The proposed apprenticeship requirement in the Legislative Recommendations (the “Apprenticeship Requirement,” and, together with the Prevailing Wage Requirements, the “Prevailing Wage and Apprenticeship Requirements”) would require the taxpayer to ensure that an “applicable percentage” of the total labor hours (which excludes hours worked by foremen, superintendents, owners, or executives) connected with the construction (and, for the ten-year period beginning on the date of service, alteration or repairs) on a project be performed by “qualified apprentices.” The term “qualified apprentice” means an individual who is (1) an employee of the project’s contractor or subcontractor, and (2) participating in an apprenticeship program registered under the National Apprenticeship Act. For projects beginning construction before January 1, 2023, five percent of the total labor hours must be performed by qualified apprentices. For projects beginning construction during calendar year 2023, ten percent of the total labor hours must be performed by qualified apprentices, and for projects beginning construction after December 31, 2023, 15 percent of the total labor hours must be performed by qualified apprentices. Each contractor or subcontractor who employs four or more individuals to perform construction, alteration, or repair work on a project must employ at least one qualified apprentice to assist in the work. The taxpayer may be excused for failing to satisfy these requirements if (1) the taxpayer can demonstrate that there is a dearth of qualified apprentices available for employment in the geographic area of the project, and (2) the taxpayer makes a good faith effort to comply with the Apprenticeship Requirement, including by requesting qualified apprentices from a registered apprenticeship program (even if such request is denied, the taxpayer will be excused as long as the denial is not the result of the refusal by contractors or subcontractors involved in the project to comply with the standards of a registered apprenticeship program).
Because projects whose construction begins prior to the enactment of the Legislative Recommendations would be exempted from the proposed Prevailing Wage and Apprenticeship Requirements, we can expect to see taxpayers seek to “grandfather” in projects by beginning construction before these requirements are enacted.
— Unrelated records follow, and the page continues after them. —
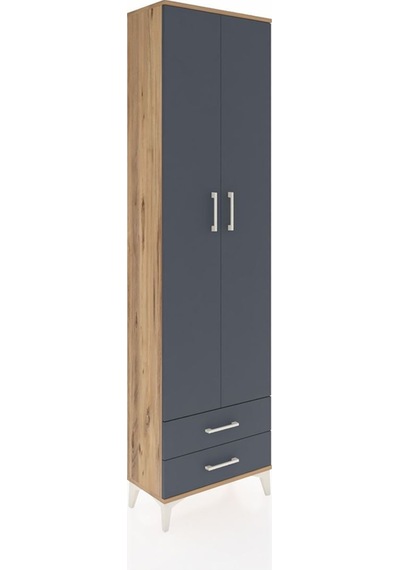Arges Dolap 5 Raflı 2 Çekmeceli 2 Kapaklı 60x30x221 Çam-antrasit Çam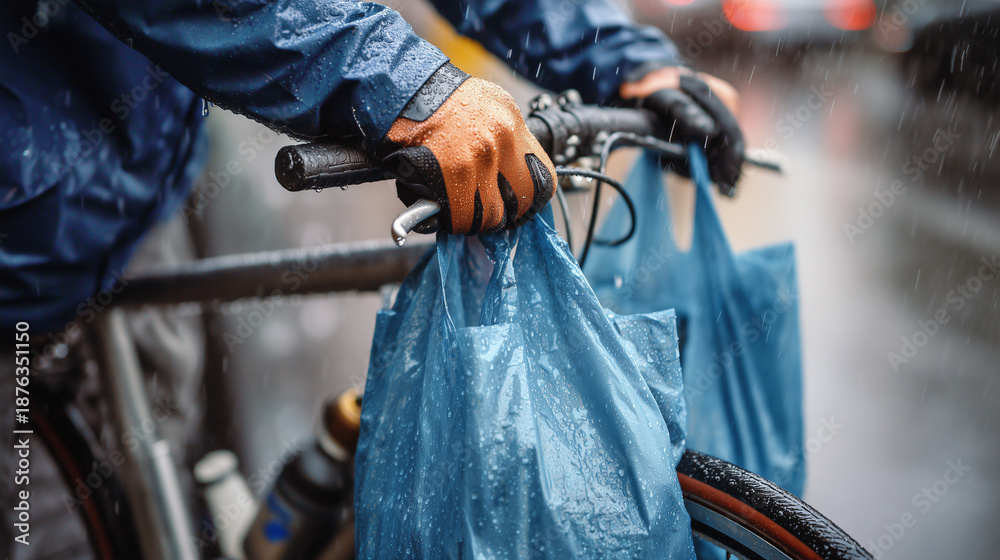 Obraz premium Person carrying groceries on bicycle in the rain.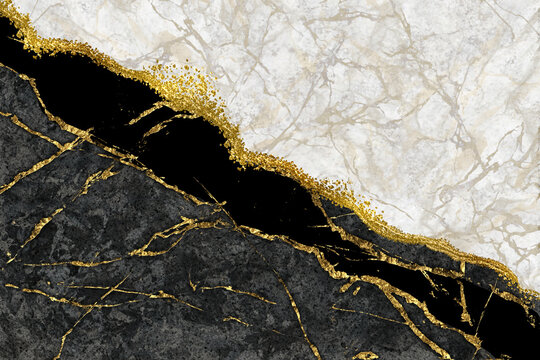 Wall Mural -  - abstract background, black and white marble with golden veins, japanese kintsugi technique, fake painted artificial stone texture, marbled wallpaper, digital marbling illustration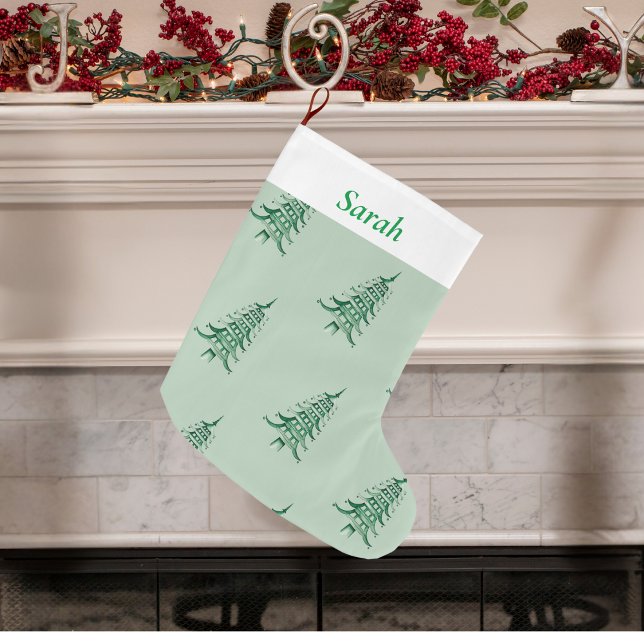 Calcetín Navideño Grande Sage greenChristmas Pagoda Patrón de árbol (Sage green Christmas Pagoda Tree pattern Large Christmas Stocking)
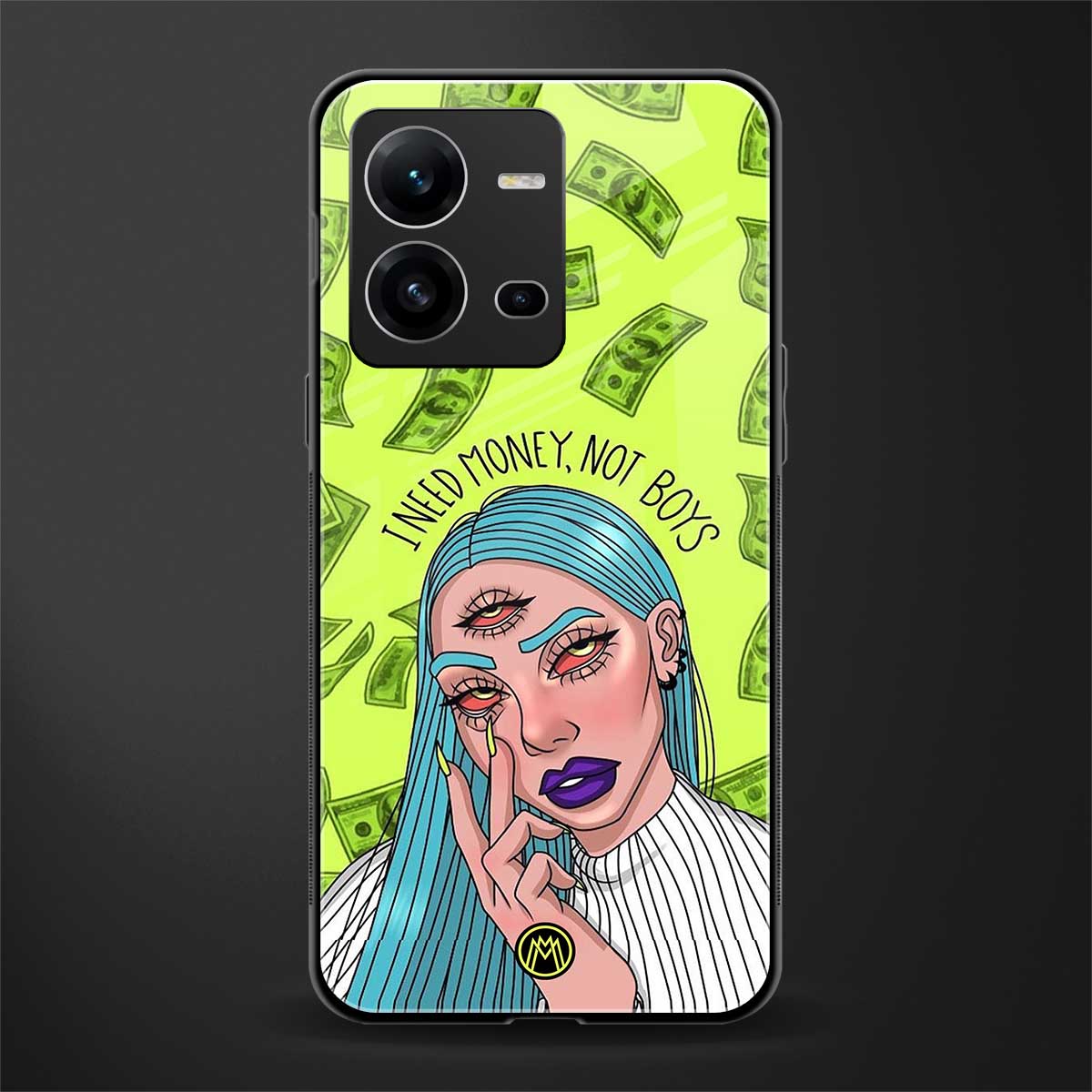 money over boys back phone cover | glass case for vivo v25-5g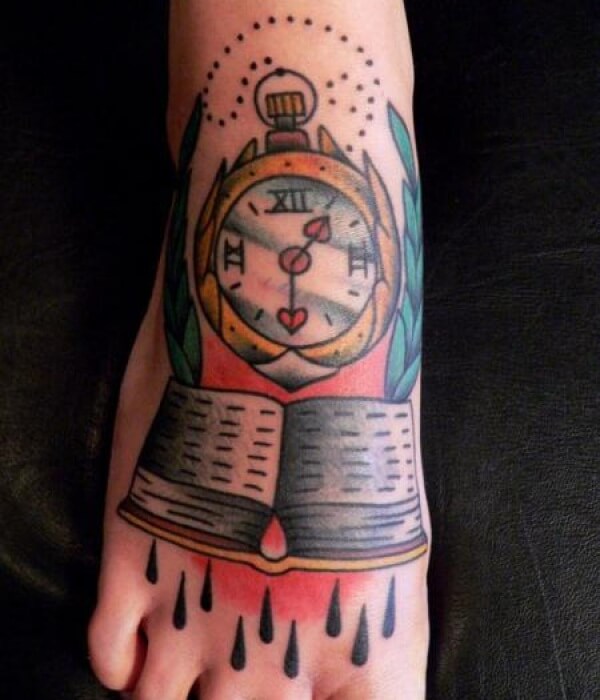 Book Tattoo with a Clock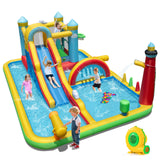Tobogán de agua hinchable Parque acuático gigante con tobogán largo y soplador de 750 W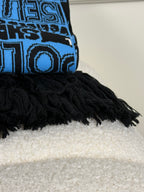 Chanel Schal mit Schriftzug – Blau/Schwarz – Baumwolle/Kaschmir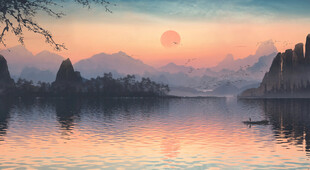 夕阳下的宁静山水湖景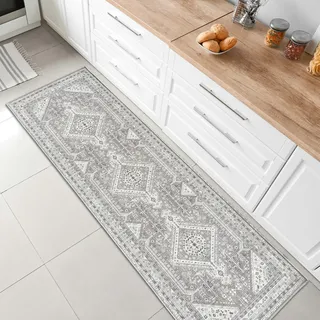 Green Decore Vernal Teppichläufer, maschinenwaschbar, rutschfest, stark frequentiert, fusselfrei, für Küche, Boden, Flur, Nachttisch, Waschküche, Persisches Design, 76 cm x 243 cm, Grau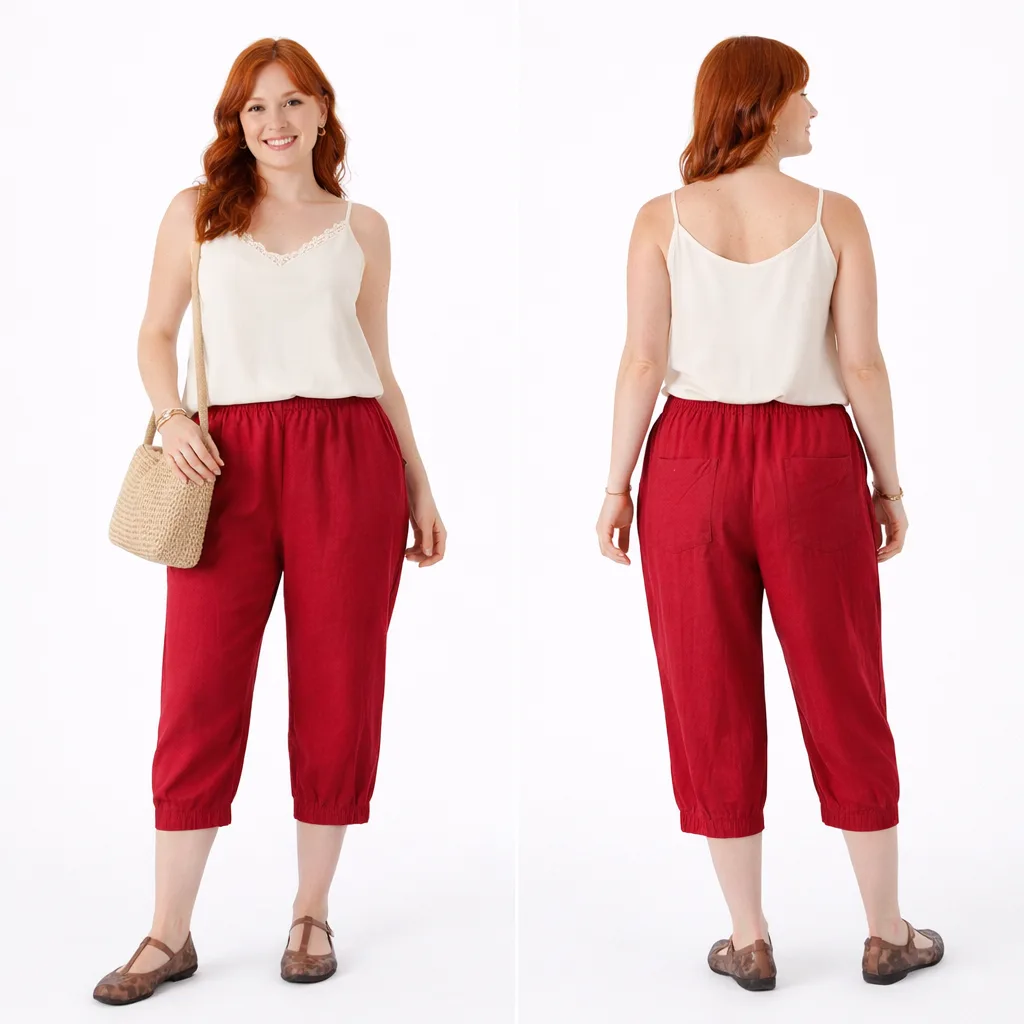 Calça Capri Com Bolsos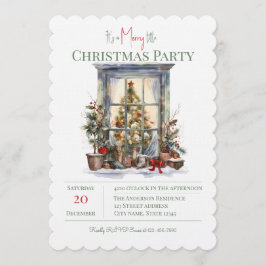 Elegant Christmas Holiday Invitation  Kaart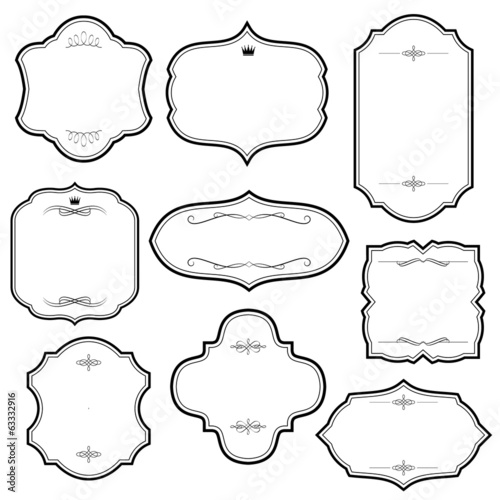 Vintage frame set isolated on white.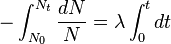 -\int_{N_0}^{N_t} \frac{dN}{N} = \lambda \int_{0}^t dt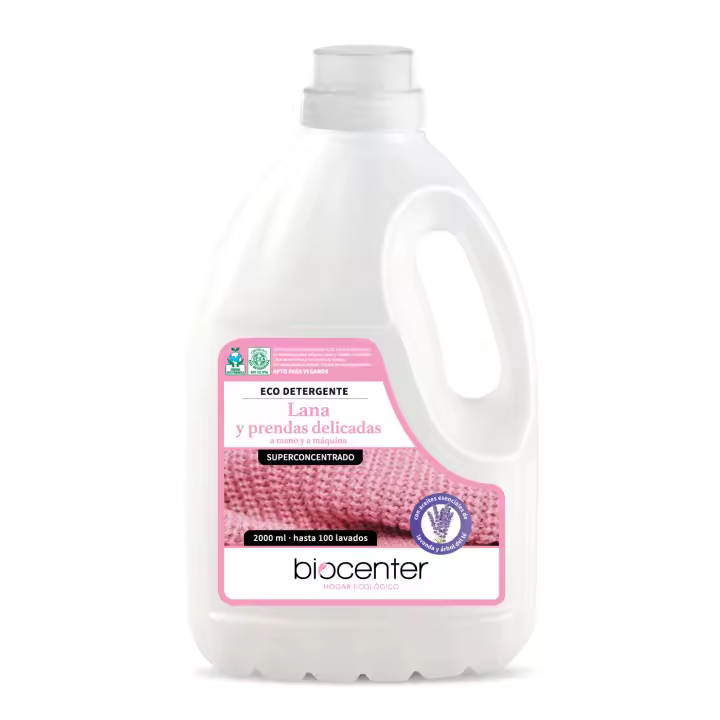 BIOCENTER - Detergente ecológico para Lana y prendas delicadas - Botella Ecofriendly de 2 litros - 1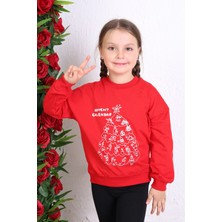 Toontoy Kız Çocuk Relax Fit Bisiklet Yaka Düşük Omuz Baskılı Sweatshirt -2 Iplik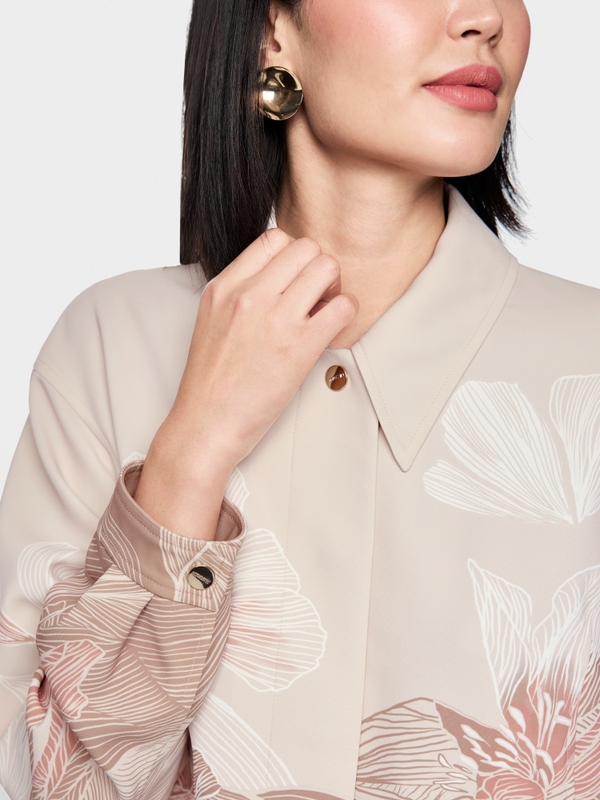 Jacket with print and shirt collar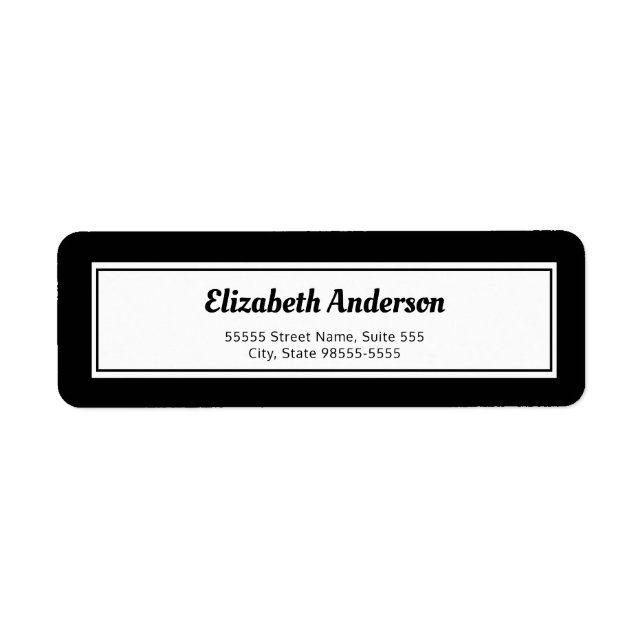 Black White Return Address Label (Front)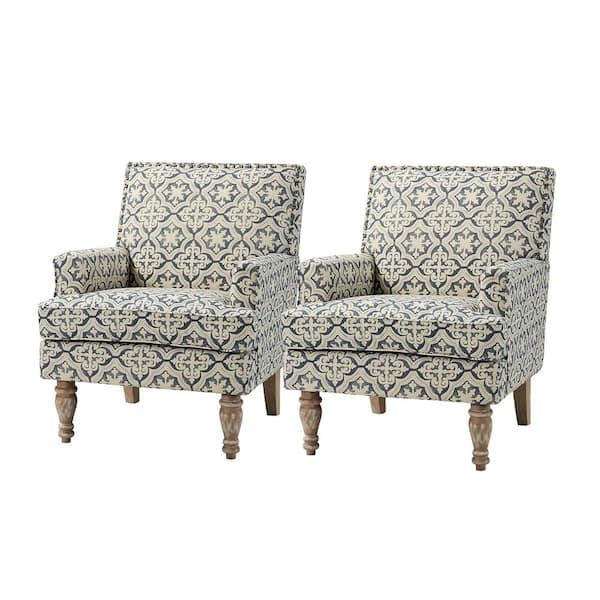 JAYDEN CREATION Cahokia Classic Indigo Polyester Upholstery Accent Chair with Nailhead Trim and Tapered Solid Wood Legs (Set of 2)
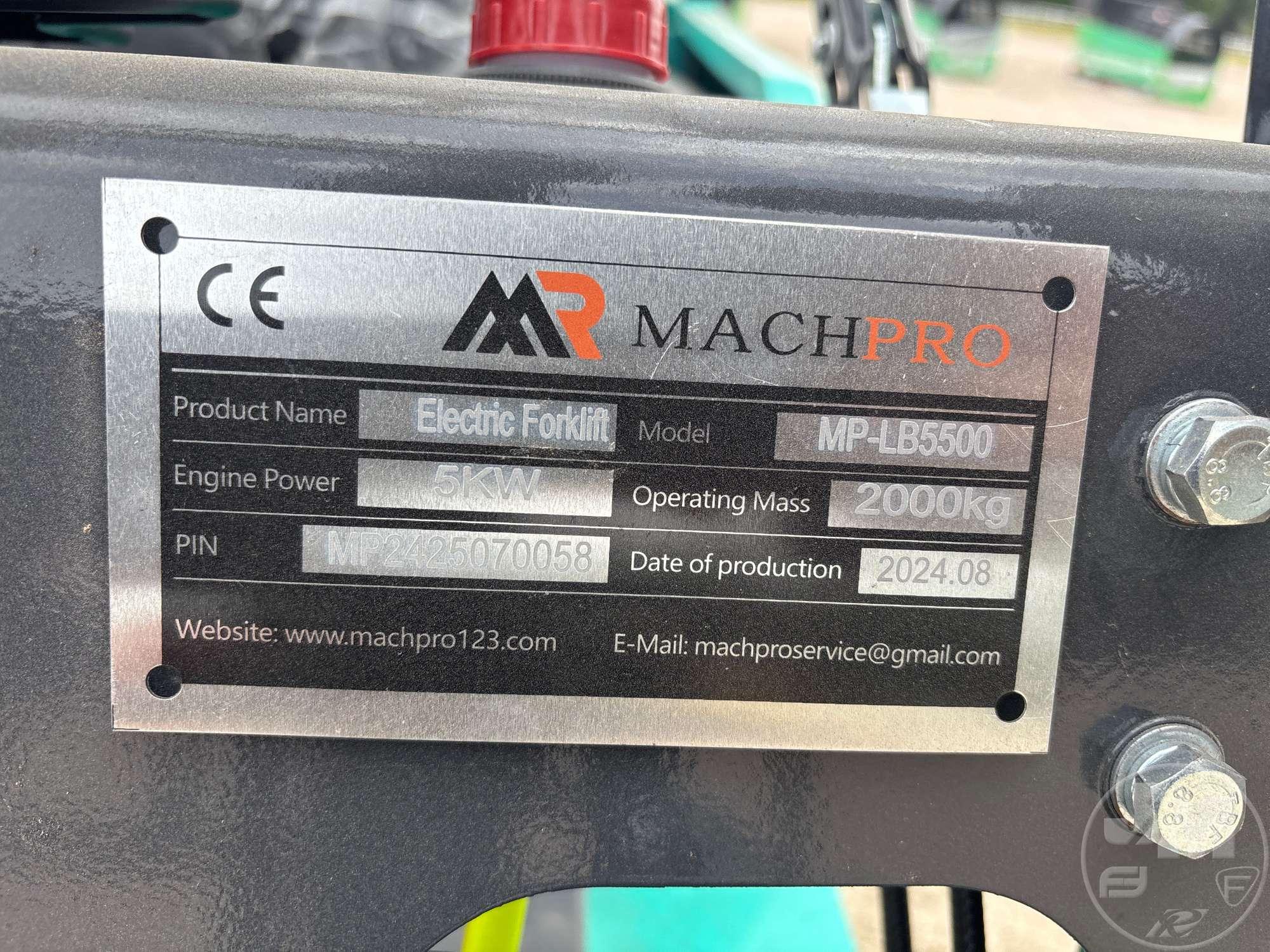 UNUSED 2024 MACHPRO MP-LB5500 4500 LB ELECTRIC FORKLIFT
For projects seeking to qualify for the full PTC, taxpayers will need timely and clear guidance from the government about how to meet the requirements (e.g., clear guidance from the Secretary of Labor about how to determine the prevailing wages in a particular location). While the Prevailing Wage Requirement can generally be satisfied through the mere payment of additional wages (and so should be relatively easy to satisfy), the Apprenticeship Requirement will force taxpayers to closely monitor (and force their contractors and subcontractors to closely monitor) who performs construction, alterations, and repairs on projects, likely necessitating new certification processes, particularly because the Legislative Recommendations do not have a mechanism to “cure” failures to comply with the requirement through the payment of a penalty. In terms of tax-equity financings, we would expect that tax-equity investors will seek to push noncompliance risk onto project sponsors, particularly the risk that activities that occur following funding (such as repairs) might jeopardize PTC qualification.
Expansion and Extension of Energy Credit (ITC) under Section 48
The ITC available under section 48 of the Code would be significantly extended under the Legislative Recommendations. In particular, a solar facility on which construction began prior to 2032 (and which is placed in service after 2022 but before 2036) would be eligible for the ITC without phase-down if such solar facility meets the continuity of construction requirements issued by the IRS. Without the extension under the Legislative Recommendations, the ITC would continue to phase down through the end of 2023, and for projects beginning construction in 2024 would only be available at a modest ten percent rate.
It is worth noting that the Legislative Recommendations would not increase the ITC for solar projects for which construction began after 2019 if such projects are placed in service before the end of 2021. Beginning with projects placed in service in 2022, however, certain solar projects on which construction begins prior to 2032 would be eligible for the ITC at the rate of 30 percent—which is the highest amount of the ITC for which solar projects have been eligible in recent years. Thereafter, the credit would begin to step down, with the ITC being equal to 26 percent for projects beginning construction in 2032, and 22 percent for solar projects beginning construction in 2033. In addition, the Legislative Recommendations push out the statutory deadline (December 31, 2036) by which solar projects must be placed in service to qualify for an ITC greater than ten percent. The structure of the Legislative Recommendations, as it pertains to solar projects, would seem to incentivize sponsors that are developing solar projects that are nearly complete and operational to delay placing these projects into service until after the end of this year. All else being equal (and assuming enactment), an owner of a project eligible for the ITC could receive (at least) an additional four percentage points in ITCs if the owner (or sponsor) waited to place the solar project in service until after the end of this year.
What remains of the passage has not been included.